Formatted header breaks email readability when received on mail user agent

Question

Formatted header breaks email readability when received on mail user agent

pacellig opened this issue 4 years ago · comments

Release or branch I am using: v0.8.1

Parsing formatted headers using the library leads to an email that is no longer correctly parsable by mail user agents. A sample header is attached here for readability with the original formatting.

This has been introduced in this commit, function readHeader in header.go file, lines 107-113.

What is obtained after parsing the incoming email:
0.00 BSF_BESS_OUTBOUND META: BESS Outbound 0.00 HTML_MESSAGE BODY: HTML included in message 0.01 SUBJ_ALL_CAPS META: Subject is all capitals 0.20 BSF_SC0_SAXXX META: Custom Rule BSF_SC0_SAXXX X-Bess-Outbound-Spam-Report: Code version 3.2, rules version 1.2.3.4 [from scanhost.whatever.wherever.com] Rule breakdown below pts rule name description ---- ---------------------- --------------------------------

Which breaks parsing and displaying.

Giuseppe Pacelli · Answer 1 · Thu Sep 10 2020 15:22:10 GMT+0800 (China Standard Time)

Further elaboration on this issue: the test case implemented in handler_test.go#513 is wrong, as it does not respect the long header fields definition of RFC2822.

{ input: "X-Not-Continuation: line1=foo;\n X-Next-Header: bar\n", hname: "X-Not-Continuation", want: "line1=foo;", correct: true, },

The correct result in this case would be:
{ input: "X-Not-Continuation: line1=foo;\n X-Next-Header: bar\n", hname: "X-Not-Continuation", want: "line1=foo; X-Next-Header: bar", correct: true, },

James Hillyerd · Answer 2 · Thu Sep 10 2020 23:03:45 GMT+0800 (China Standard Time)

I think we need to do better than just reverting #149 - as it appears it is preventing a full-stop error, which is worse than a header with misformatted whitespace in my opinion. Perhaps I am misunderstanding and your scenario also results in a enmime error?

James Hillyerd · Answer 3 · Thu Sep 10 2020 23:11:24 GMT+0800 (China Standard Time)

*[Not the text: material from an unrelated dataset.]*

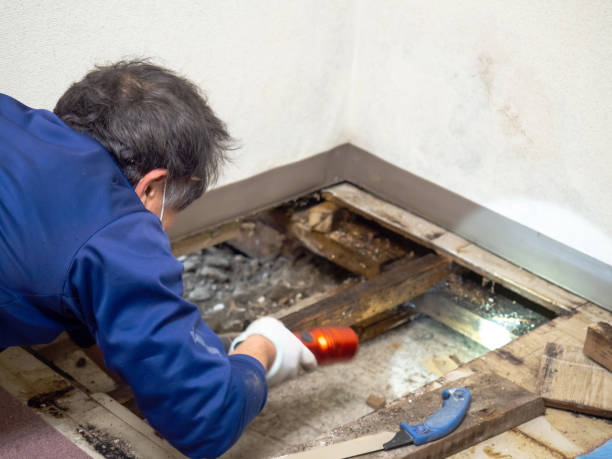Best Certified Mold Removal  in Stallion Springs, CA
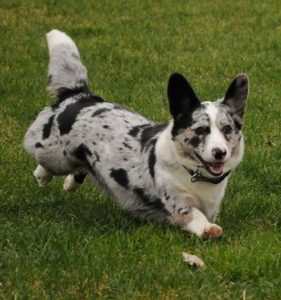 Corgi Cardigan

cc @requaos in case he has ideas.

Looking at the code in #149 it cares about where the colon is in relation to equal signs, but I think it will accept a header with spaces in its name, instead of considering that a continuation. That seems problematic, as I'd expect it to error out later.

Giuseppe Pacelli · Answer 4 · Thu Sep 10 2020 23:36:24 GMT+0800 (China Standard Time)

I agree, but what is still unclear to me is why we care about the equal sign or column in the first place. RFC-wise basically everything is allowed in a folded header, except for CRLF.
Would it be possible to get a sample from the #149 case? If so, I would be happy to help and cover this case.

James Hillyerd · Answer 5 · Sat Sep 12 2020 23:39:50 GMT+0800 (China Standard Time)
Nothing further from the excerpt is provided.